Expensive Bridesmaid Dresses and Shoes
The typical cost of a bridesmaid’s dress – before alterations – is about $150, Mint reports. Every bride promises it’s a forever piece that her bridesmaids will wear to future cocktail parties and other weddings. In reality, most of these dresses are unflattering, uncomfortable and going to the consignment shop the day after the wedding.
Before complaining about the cost of the dress, consider the other factors. Do you have to travel? How much will the hotel cost? Are there other areas you can be saving money so the cost of the dress seems reasonable?
Find out my tips on handling a bride at US News’ My Money Blog
12 responses to “How to Tell a Bride 'No'”
If I ever get married, I will look to build these costs into my own wedding budget.
So I will spring for the groomsmen’s apparel (hopefully more casual than tuxes, but that, of course, is tbd), etc.
Also, the idea of having an engagement party, bridal shower, bachelor and bachelorette parties, and the actual wedding is absurd.
No need to tell me that! After being a bridesmaid a few times, I just want to elope. The whole wedding things seems like way too much of a hassle.
I’m in a wedding next week and as the MoH I organized the bachelorette party, but put my foot down on handling the cost of the bridal shower too. We did the bachelorette party and bridal shower in the same weekend because no one in the bridal party lives near each other.
I told one of my high-maintenance friends that I simply could not be in her wedding.
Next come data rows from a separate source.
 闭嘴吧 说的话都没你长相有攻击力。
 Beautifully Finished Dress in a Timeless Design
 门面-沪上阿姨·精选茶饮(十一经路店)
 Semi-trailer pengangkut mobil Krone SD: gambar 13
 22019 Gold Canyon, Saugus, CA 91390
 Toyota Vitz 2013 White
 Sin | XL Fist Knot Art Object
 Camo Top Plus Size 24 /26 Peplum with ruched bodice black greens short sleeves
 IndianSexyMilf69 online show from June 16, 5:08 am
She was looking at expensive bridesmaid dresses already and brainstorming all this other expensive stuff. We were in the midst of saving for our own wedding, so I just bowed out.
I’m so fortunate not to have any high-maintenance friends ask me. I’d probably bow out too.
In my twenties I was asked to be in a bunch of weddings and I did participate in most. Some of the brides were considerate and gave options in order to lessen the costs for us. Others however wanted to marry like a queen and the bridal party were her royal subjects that had to do everything her way…even the groom fell in line. Funny how those weddings were not among my favourites lol.
Woof, I can’t imagine putting up with a bridezilla like that. Props to you for actually participating. Hope you didn’t have to spend too much.
Great advice! I used to do the makeup for the whole bridal party for all of my friends’ weddings (and for my own wedding). Often, because I saved them money, my friends’ moms would turn around and help us out on things like hair. Finding wiggle room and ways to help out on labor to cut costs makes a huge difference.
PS I LOVE your hair and dress in this photo 🙂 Definitely lucked out on the bridesmaid dress for that one!
That’s so nice that you have that skill! I’m doing my own for the one next week and a tad worried that I won’t have on enough to photograph well in pictures. We’ll see!
I also lucked out because the bride factored in hair and makeup into her budget so we didn’t have to take care of the cost!
I’ve been lucky (I guess, unless everyone hates me) that I haven’t had to say no to anyone. The couple that I was in was easy enough to make happen. If it was a very good friend I would probably have a hard time saying no unless it was uber extravagant, but if it was at all doable I’d try to make it happen. If it was a not super close friend I could probably easily say no.
Friendship-level certainly factors in. I think I’ll have a nice gap before another wave of friends start getting married, so maybe I should start a wedding fund!
I was astonished to do the final calculation after participating in my good friends wedding last year. It cost me about $1200! I ended up paying nearly $250 for the dress after alterations, only to give it away to a prom dress drive weeks later. After that I vowed not to place those expectations on my future bridesmaids. That experience definitely taught me that it’s not as much of the honor I once thought it was.Im glad you wrote a post highlighting it. I hope a future bride stumbles upon it and saves her girls from the hassle.
Wow, I cannot imagine having to dish out a grand and up for a wedding, it just seems like so much money that could be placed better elsewhere!I’m planning on eloping so for me, I won’t have to worry about what implications I’ll place on a bridal party, it is just easier to keep things simple! Thanks for sharing this!